Task to complete –
The required result is an exact copy of every line from the one with "1 Pcs Chrome" through the last line below, with the pictures left out.

(Short descriptive text snippets)
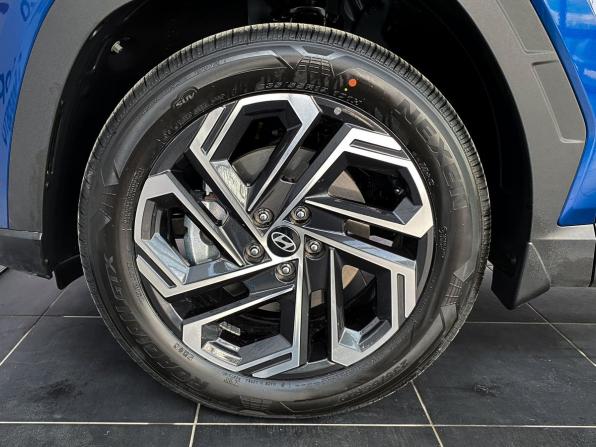 Hyundai Tucson IV Рестайлинг с пробегом 2025 года, цена 4 840 000 рублей, 15 км, внедорожник, Автокод Объявления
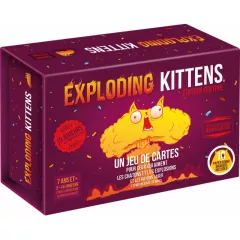 Exploding Kittens - Edition Festive Exploding Kittens - Edition Festive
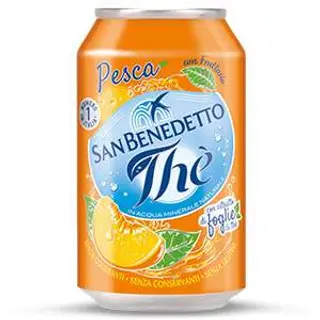 Thé pesca 50 cl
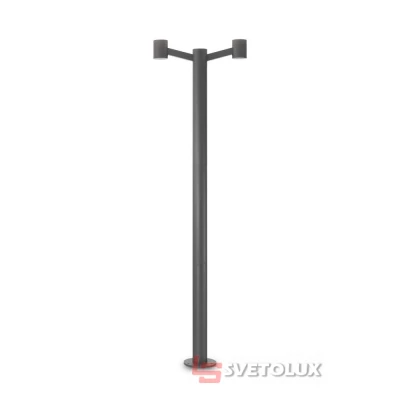 Парковий ліхтар Ideal Lux Clio mpt2 249490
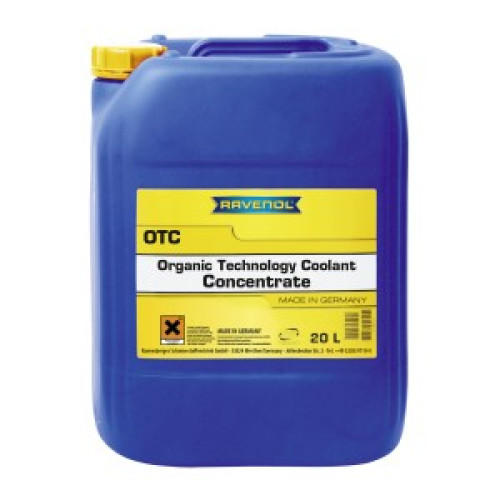 RAV ANTIGEL ROSU OTC CONCENTRAT 20L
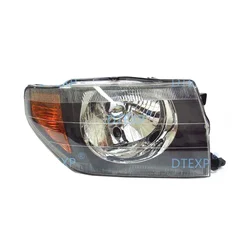 1 Pcs Chrome or Black Manual Head Lights for Pajero IO MR964897 Front Turning Signal Lamp for Montero MR586045 Pinin L or R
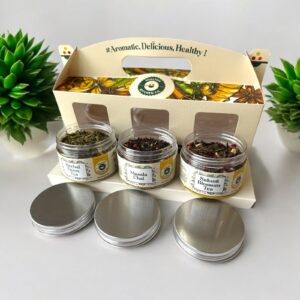 HKC Artisan Tea Trio <br> (3 Artisan Teas)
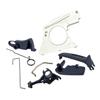 Choke Rod Replacement Throttle Control Lever Kit Outdoor Durability Responsive Control System For MS251C Model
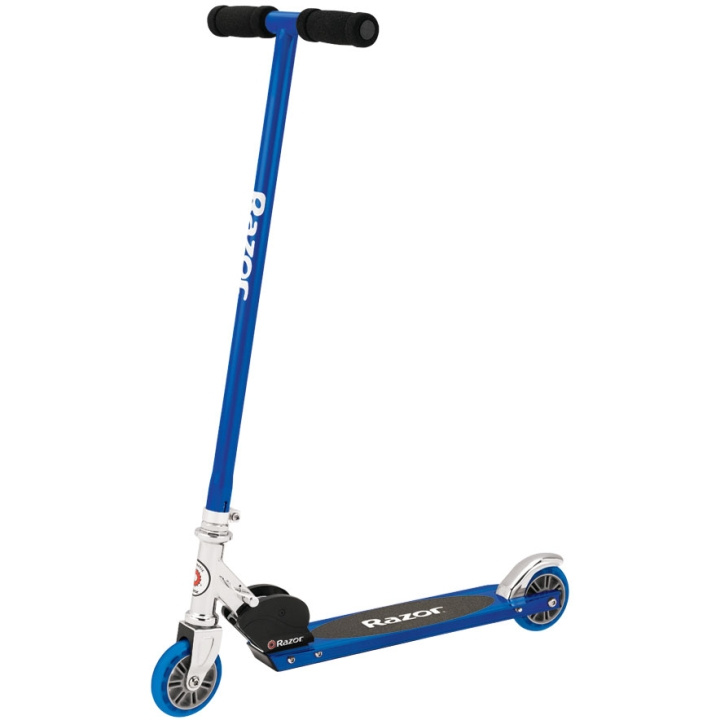 Sport Scooter - Blue ryhmässä LELUT, TUOTTEET LAPSILLE JA VAUVOILLE / Ulkoleut / Pyörät & Potkulaudat @ TP E-commerce Nordic AB (C05016)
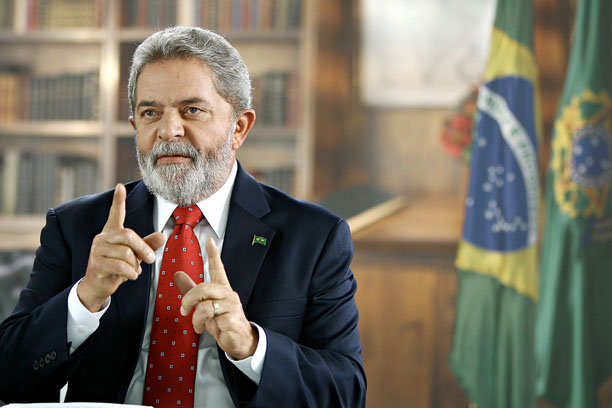 Exministro brasileño dice que Lula &quot;hizo lobby&quot; para la empresa Odebrecht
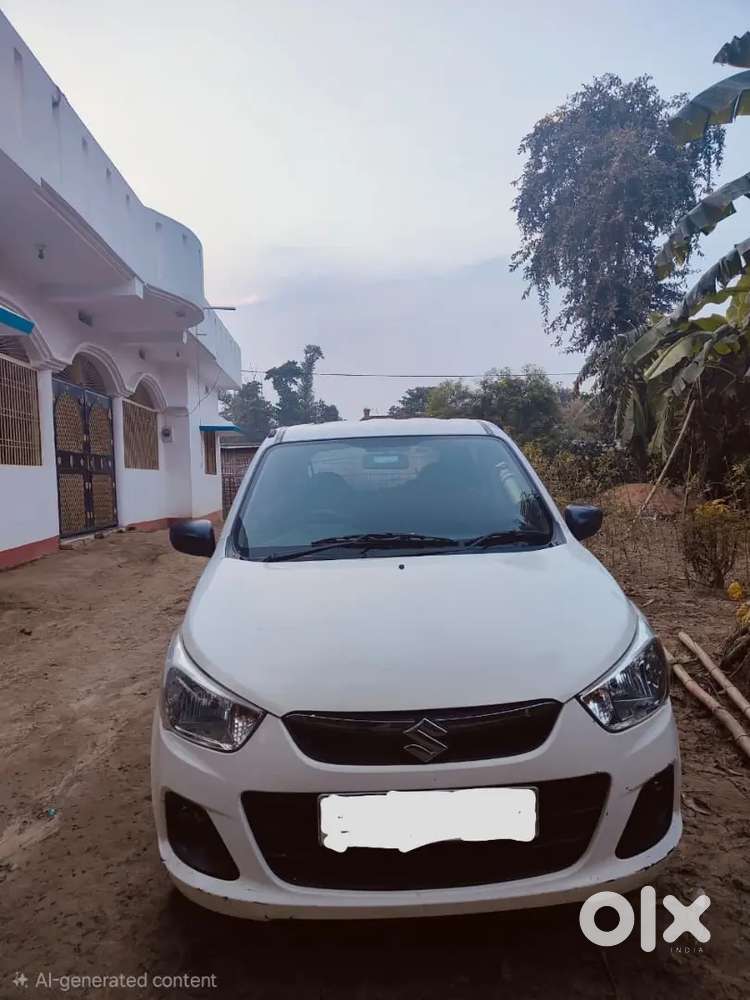 Well-maintained Car Single Hand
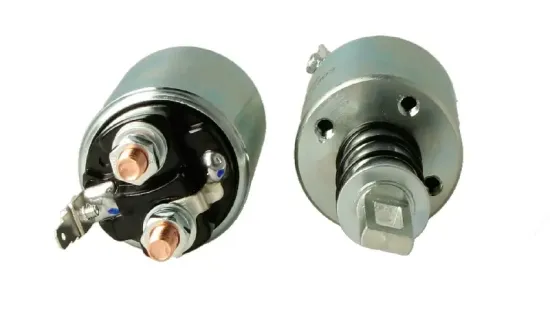 Magnetschalter, Starter BV PSH 054.000.308.086 Bild Magnetschalter, Starter BV PSH 054.000.308.086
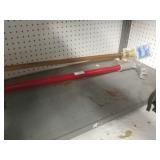 Flagpole, Bender Handle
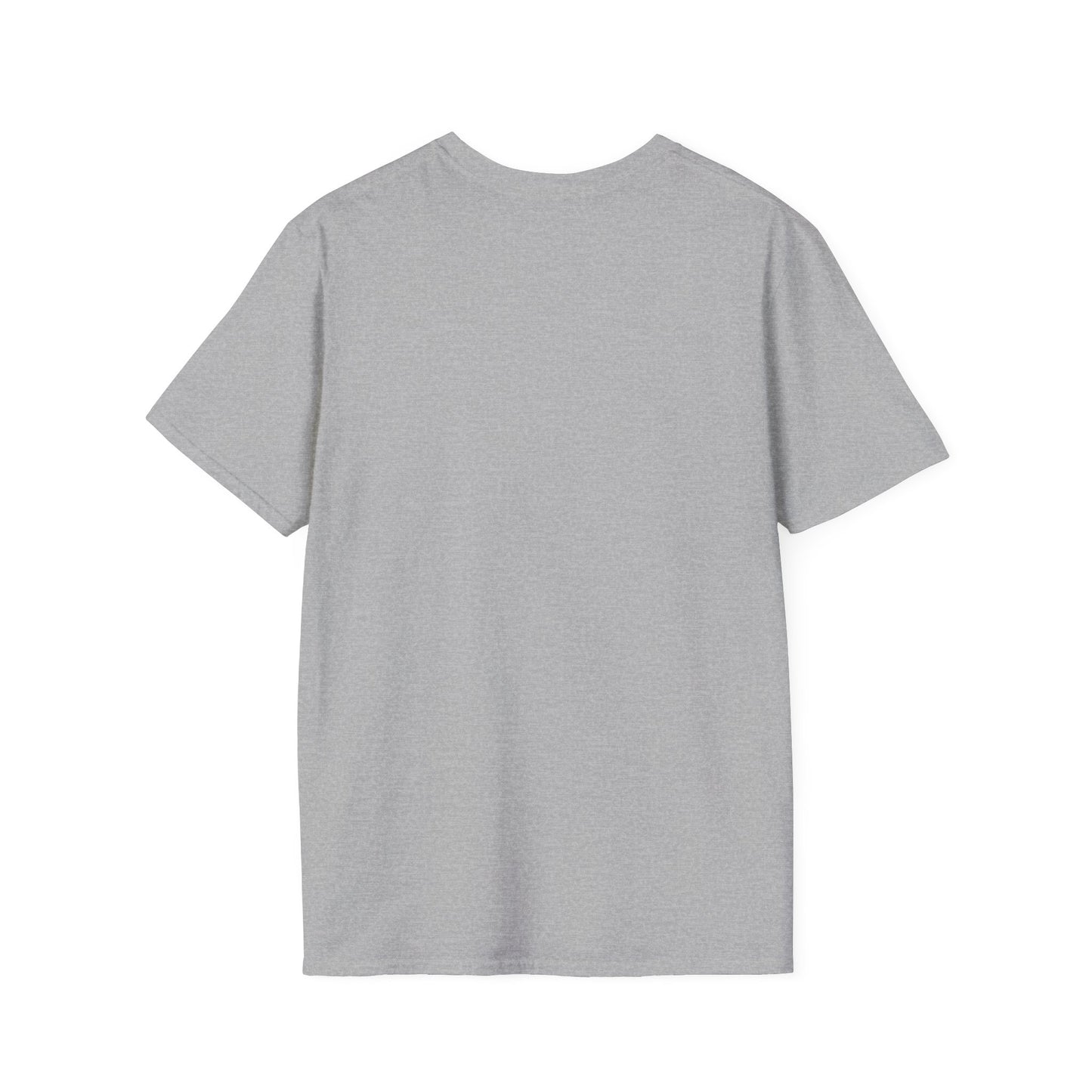 Serene Nature Landscape T-Shirt - Comfortable Unisex Tee, Outdoor Adventures, Nature Lover Gift, Casual Wear, Stylish Spring Top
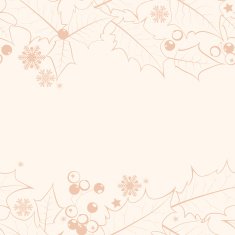 Christmas seamless background N40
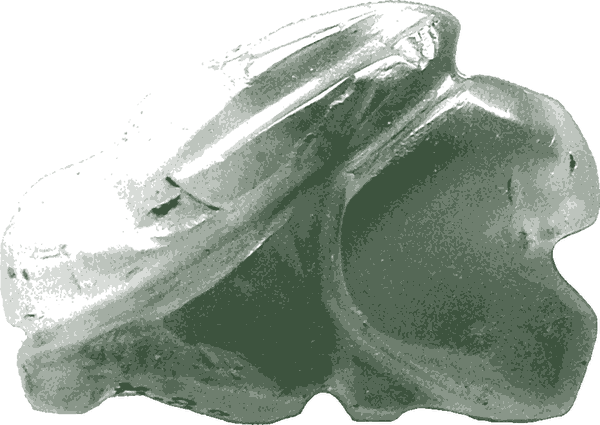 Historische Pflanzenzeichnung: Karneol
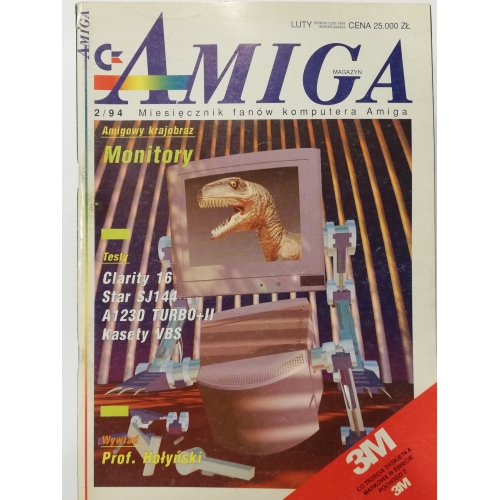 Magazyn Amiga 2/94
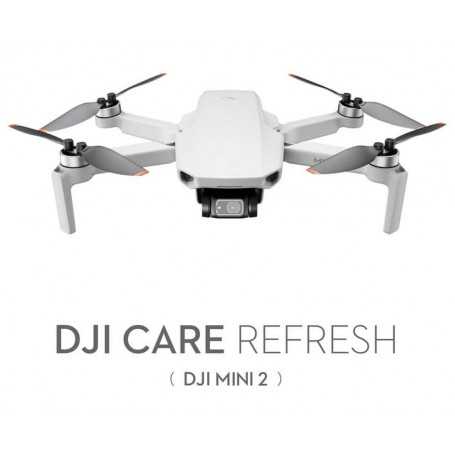 DJI Care Refresh 2-års plan for DJI Mini 2 Code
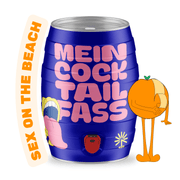 Fass Sex on the Beach 5 Liter - TwentyFourParty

Solution to this task –
 1 Pcs Chrome or Black Manual Head Lights for Pajero IO MR964897 Front Turning Signal Lamp for Montero MR586045 Pinin L or R
 HKC Artisan Tea Trio <br> (3 Artisan Teas)
 Choke Rod Replacement Throttle Control Lever Kit Outdoor Durability Responsive Control System For MS251C Model
 Sport Scooter - Blue ryhmässä LELUT, TUOTTEET LAPSILLE JA VAUVOILLE / Ulkoleut / Pyörät & Potkulaudat @ TP E-commerce Nordic AB (C05016)
 Exministro brasileño dice que Lula &quot;hizo lobby&quot; para la empresa Odebrecht
 Well-maintained Car Single Hand
 Magnetschalter, Starter BV PSH 054.000.308.086 Bild Magnetschalter, Starter BV PSH 054.000.308.086
 Flagpole, Bender Handle
 Serene Nature Landscape T-Shirt - Comfortable Unisex Tee, Outdoor Adventures, Nature Lover Gift, Casual Wear, Stylish Spring Top
 Christmas seamless background N40
 Historische Pflanzenzeichnung: Karneol
 Magazyn Amiga 2/94
 DJI Care Refresh 2-års plan for DJI Mini 2 Code
 Fass Sex on the Beach 5 Liter - TwentyFourParty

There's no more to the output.